A really useful segment for the series would be on the effect of illegal immigration on crime rates in Victoria. Right offhand, I can think of maybe three killings in Victoria attributable to illegals. When the paper ran a story on the sentencing of one of the murderers, there was no indication of his status. When I mentioned this omission to an editor, she told me that it would not be 'helpful' to include that information.

Wednesday, June 3, 2009

Too damn many people dept. + more

King Hubbert is the guy who upset a bunch of people by observing that the more you use of a finite commodity the less you will have left. Seems simple enough, but when the commodity is oil, a considerable of souls want to put their hands over their ears and chant 'nyah-nyah-nyah-I-can't-hear-you.' I'm forever saying that I wish the economists of the world, believers in the goodness of growth and its infinite sustainability, would go have lunch with a biologist. I should add geophysicist to the biologist as educational companions for the economists, who live in a world where money is the only thing that matters.
From an interview with Hubbert in Leading Edge magazine, published in February, 1983:
A non-catastrophic solution is impossible, Hubbert feels, unless society is made stable. This means abandoning two axioms of our culture.. . the work ethic and the idea that growth is the normal state of affairs. Hubbert challenges the latter mathematically and concludes the exponential growth of the last two centuries is the opposite of the normal situation.
"It is an aberration. For most of human history, the population doubled only once every 32,000 years. Now it's down to 35 years. That is dangerous. No biologic population can double more than a few times without getting seriously out of bounds. I think the world is seriously overpopulated right now. There can be no possible solutions to the world's problems that do not involve stabilization of the world's population."

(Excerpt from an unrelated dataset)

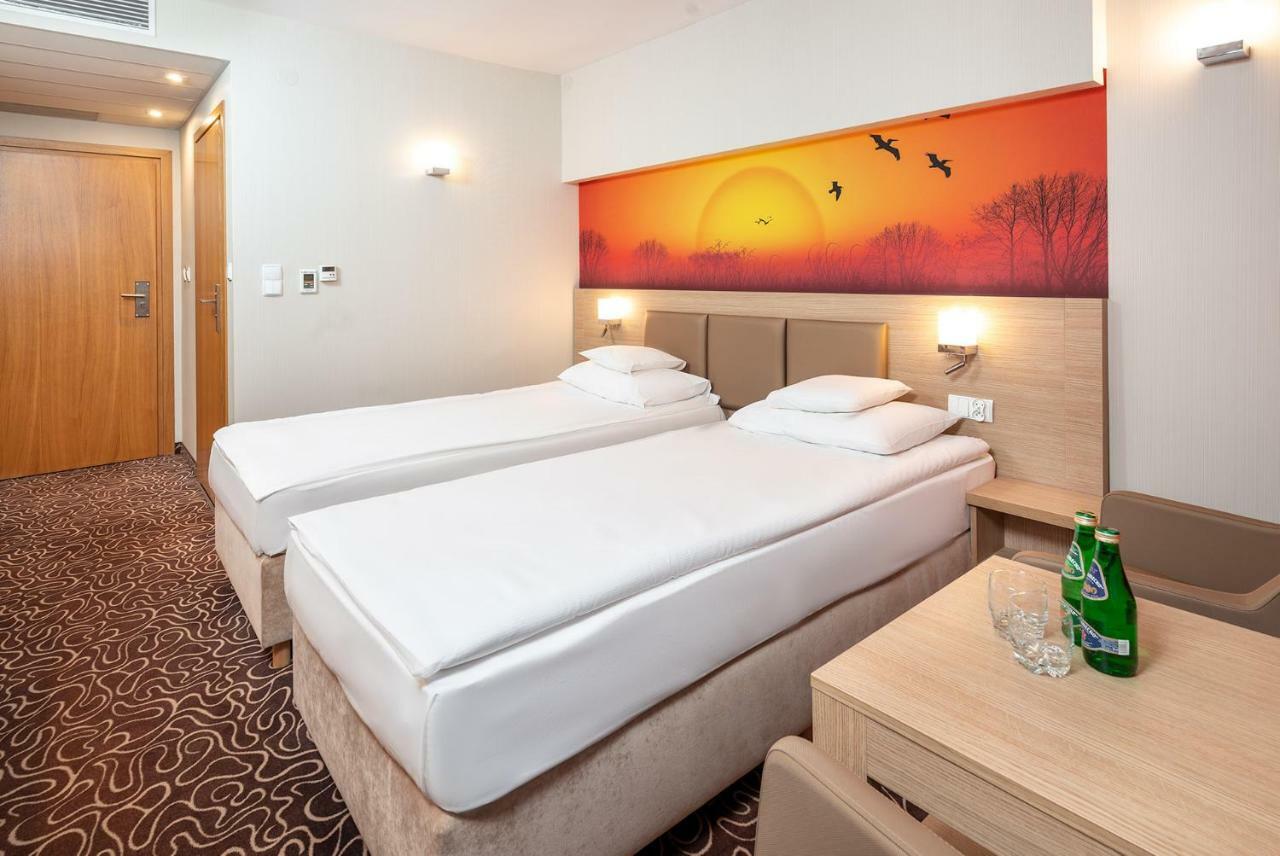 Hotel Amazonka Conference And Spa Ciechocinek Extérieur photo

Read the long but informative article here. This guy, a Texan by birth, may have been one of the smarter people of the 20th Century.

Monday, June 1, 2009

**Adrift in the national prints

Perambulating the pup this morning down by the shrimp boats, we ran into Butch Hodges, a fine gentleman of many parts. He stopped and asked if I'd read the NYTimes story on the Water Safari, since I had written a few years ago about the local boys' win. I hadn't read it, but now I have and so can you:
SEADRIFT, Tex. — The rowboat was called the Delta Dawn. It measured 24 feet long by 28 inches wide by 11½ inches deep. The bow was sealed with sawdust and epoxy, and the sides were assembled from two-by-fours of clear spruce. Butch Hodges set the beams in place one by one, alternating sides the way a guitarist changes strings. But first he built a table, a platform straight and true.

Read the whole thing here. The great race is commemorated in a mural on a wall by the grocery store. Be sure to notice it when next you pass through our village. Then you might want to drive on; you wouldn't like it here, too slow for you, no major amenities. Butch's paddling partner, Robert Chatham, is a city councilman. I complain to him when they fix the potholes in our street, allowing the kids to drive faster.